This is what we're living through right now. Climate collapse, AI being used to replace people instead of support them, misinformation everywhere. The world order feels like it's shifting. Away from dialogue, towards force. Away from rules, towards raw power. It feels like the whole world is moving away from light and straight into darkness.

I talked about all this with Janet, an old lady who owns the building where I work. She was born in Britain during World War II, moved to Canada when she was young, and has seen a lot. When I told her how bleak everything feels, she said something simple: young people like me have to keep faith that things will get better.

And I think she's right. We have to believe that. We can still build something better if we choose to.

Here's what gets me: we might be the only place in the entire galaxy with life that can think, observe, understand. And we're killing ourselves over stupid shit. That should matter to all of us.

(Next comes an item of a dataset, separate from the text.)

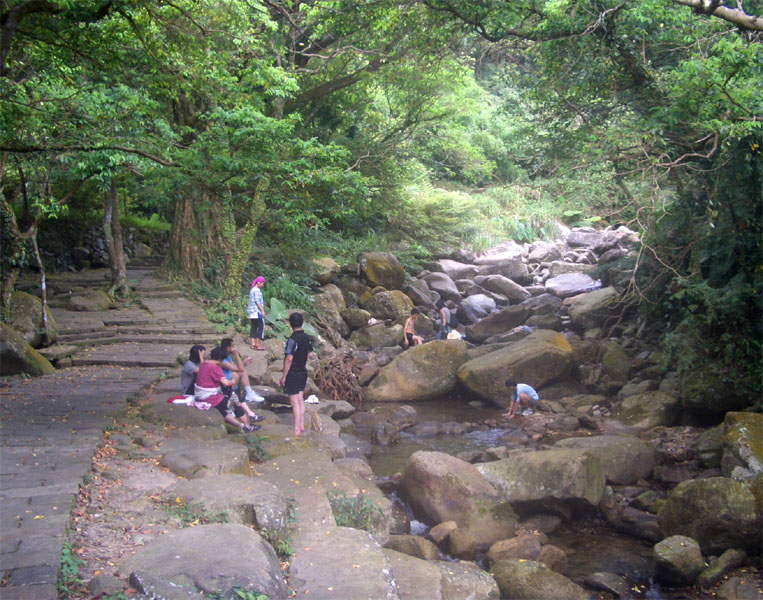 草嶺古道登山口, off-road終點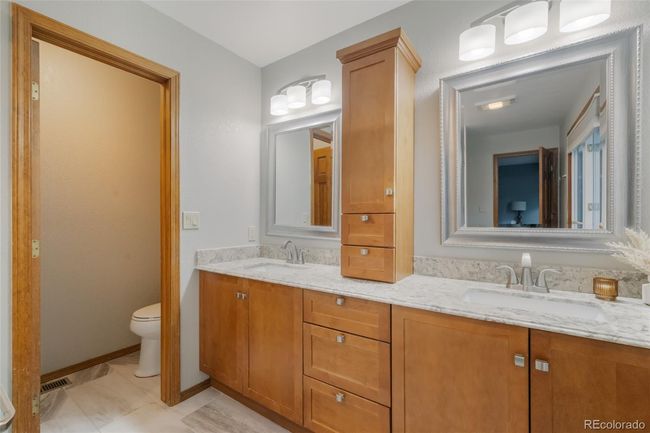 Primary Bathroom | Image 28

Sagan put it better than I ever could in Pale Blue Dot:

Blue Dot

"Look again at that dot. That's here. That's home. That's us. On it everyone you love, everyone you know, everyone you ever heard of, every human being who ever was, lived out their lives. The aggregate of our joy and suffering, thousands of confident religions, ideologies, and economic doctrines, every hunter and forager, every hero and coward, every creator and destroyer of civilization, every king and peasant, every young couple in love, every mother and father, hopeful child, inventor and explorer, every teacher of morals, every corrupt politician, every 'superstar,' every 'supreme leader,' every saint and sinner in the history of our species lived there—on a mote of dust suspended in a sunbeam.

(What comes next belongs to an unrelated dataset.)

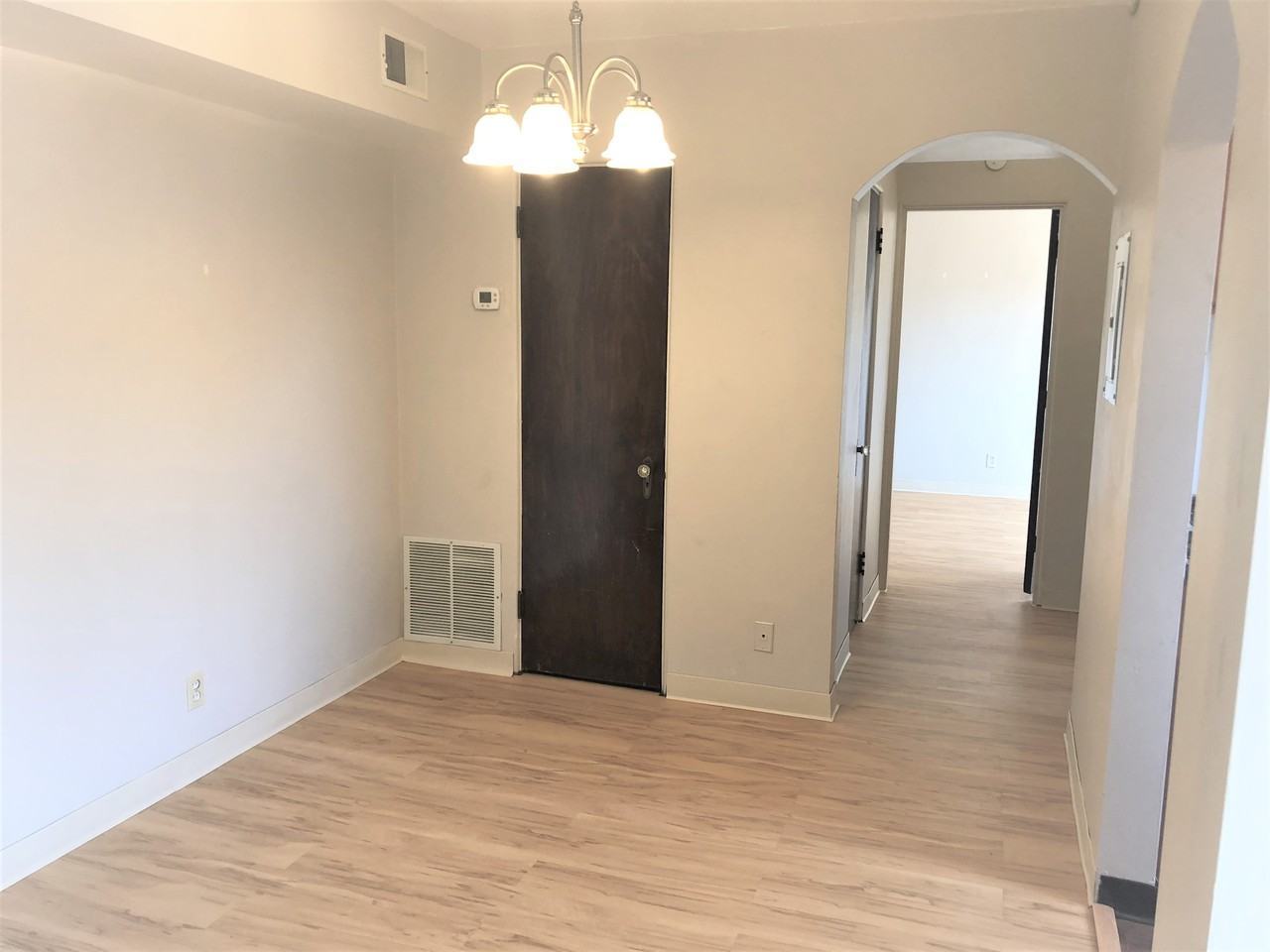 5712 Phillips Ave unit B8 – photo 2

The Earth is a very small stage in a vast cosmic arena. Think of the endless cruelties visited by the inhabitants of one corner of this pixel on the scarcely distinguishable inhabitants of some other corner, how frequent their misunderstandings, how eager they are to kill one another, how fervent their hatreds.

Our planet is a lonely speck in the great enveloping cosmic dark. In our obscurity, in all this vastness, there is no hint that help will come from elsewhere to save us from ourselves. The Earth is the only world known so far to harbour life. There is nowhere else, at least in the near future, to which our species could migrate. Visit, yes. Settle, not yet. Like it or not, for the moment the Earth is where we make our stand.

It has been said that astronomy is a humbling and character-building experience. There is perhaps no better demonstration of the folly of human conceits than this distant image of our tiny world. To me, it underscores our responsibility to deal more kindly with one another, and to preserve and cherish the pale blue dot, the only home we've ever known."

We have a responsibility. We're here, and maybe we're all there is.